New Australian research has found if women take antibiotics while pregnant, there is a 20 per cent increased risk of their baby or child being hospitalised for an infection, compared with those children whose mums did not take the medication.
Professor David Burgner, from the Murdoch Children’s Research Institute, conducted the study, which looked at data from more than 750,000 pregnancies from 1997 to 2009 in Denmark.
Scientists crosschecked birth records with the mother’s antibiotic use, and hospital admissions of children with infections.
“We found children born to mothers who were prescribed antibiotics during pregnancy may have up to a 20 per cent higher risk of being hospitalised with infection,” he said.
They found the more antibiotics the mum took and the closer it was to the delivery date, the greater the risk.
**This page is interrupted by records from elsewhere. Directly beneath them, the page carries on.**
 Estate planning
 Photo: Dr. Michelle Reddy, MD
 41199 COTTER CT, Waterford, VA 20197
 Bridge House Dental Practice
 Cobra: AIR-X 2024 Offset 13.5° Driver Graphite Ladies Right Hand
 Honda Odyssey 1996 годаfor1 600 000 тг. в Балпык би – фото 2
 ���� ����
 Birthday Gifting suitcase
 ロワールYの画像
“Males were at higher risk of infection if their mothers had taken antibiotics and the increased risk for both genders persisted throughout childhood,” he said.
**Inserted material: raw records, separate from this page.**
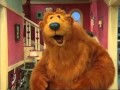 Bear In The Big Blue House - Mongrels Mashup ...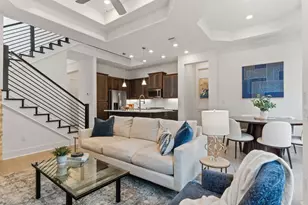 201 Beneteau Dr, Austin, TX 78738 - Photo 1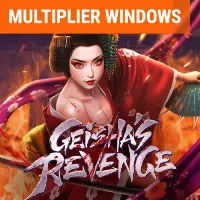 Thông báo tức thì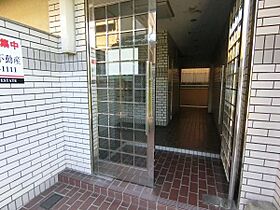 大阪府藤井寺市青山１丁目3-4（賃貸マンション1K・1階・20.00㎡） その15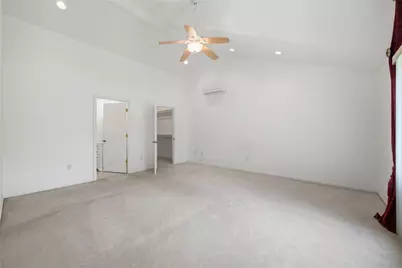 211 East Ave, West Mifflin, PA 15122 - Photo 19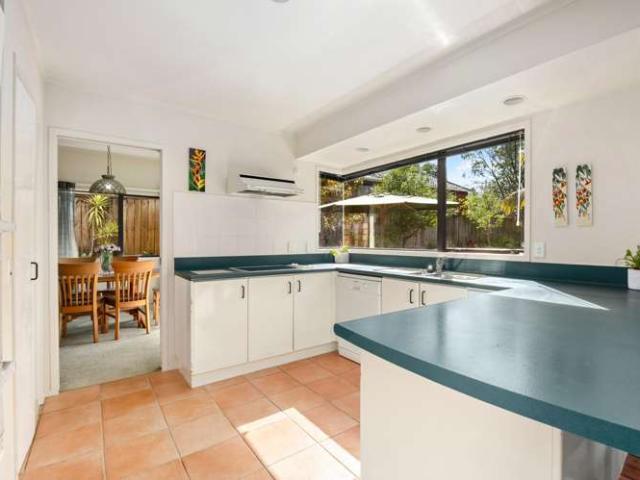 House for sale in Whangaparaoa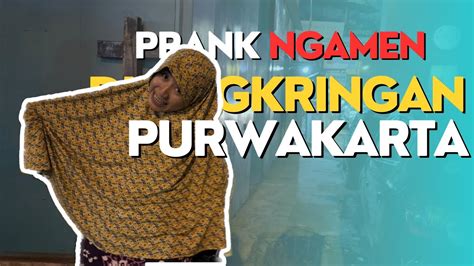 NGENTOT NENEK2 terpopuler minggu & show live eksotis fitur looping cerita panas terpopuler minggu goyang kencang image 1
But researchers stressed the findings needed to be interpreted with caution.
Lead author Dr Jessica Miller said researchers were not exactly sure of the cause of the higher risk.
They said it could be that the antibiotics impact the make-up of the bacteria in the mother’s gut, known as the gut microbiome.
“Impact on the gut microbiome could increase the susceptibility to infections in early childhood, possibly by suboptimal development,” she said.
The way the baby is born also made a difference, with vaginally born babies at a slightly higher risk of developing infections.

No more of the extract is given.